Pete Moorey: Absolutely. Smart meters themselves are only the facilitator of a new kind of market. Gas and electricity is a homogenous product. Of course it is dull for consumers to engage with, and our expectations around them switching have been—by and large—fairly ridiculous really, given that there is generally little value in switching beyond the price that you can be saving, which can be significant. But beyond that, why people should really engage with this market has been bewildering to consumers, really.

However, we are now just starting to see potentially a very different energy market, because of smart metering and then smart appliances, as well as the introduction of electric vehicles, storage and a whole range of other changes. They should make energy an attractive industry for new kinds of players to enter, which may well mean that consumers start to be offered very different kinds of things. It may well be, as Dermot said, that there will be much more bundled products, whereby suppliers effectively offer to look after your whole house—your whole life—and that may well be attractive.

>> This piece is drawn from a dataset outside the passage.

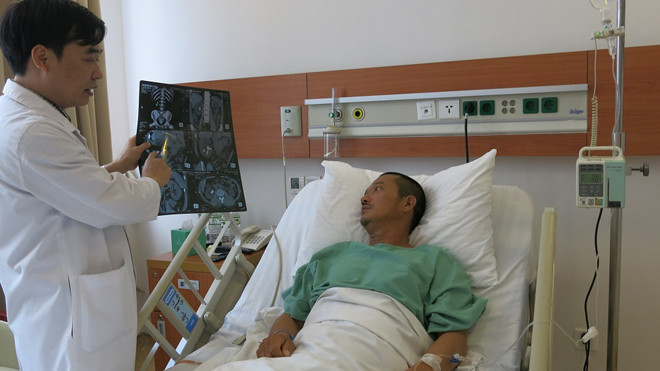 Anh Thủy được giải thích, tư vấn về phương pháp nội soi tán sỏi qua da dưới định vị siêu âm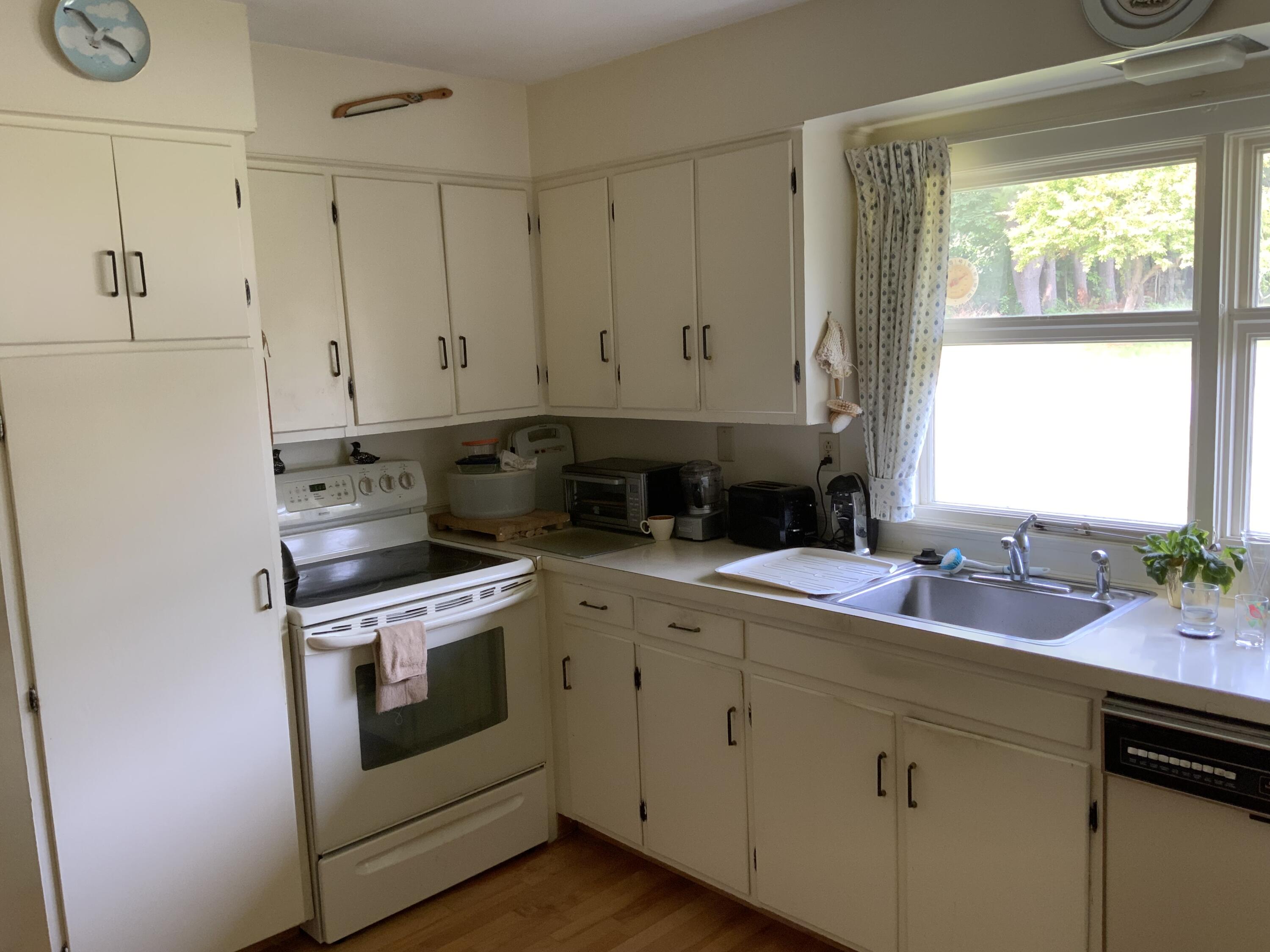 16 Mayflower Road Hallowell, ME 04347 - Photo 5 of 24 IMG_1298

Of course, with that comes the risk that that will potentially only benefit people like me, who perhaps have the ability and the money to engage with that market. We obviously want to see all consumers benefiting and we will need to be very mindful, as that change comes, about vulnerable consumers and their ability to benefit from the price cap, too. They should do, because the positive benefit could well be that you can target much more specific products at the most vulnerable, and ensure that they really are getting value out of their relationship with their energy supplier, or indeed with a whole range of other suppliers that could start to form a hub around smart meters and other smart appliances.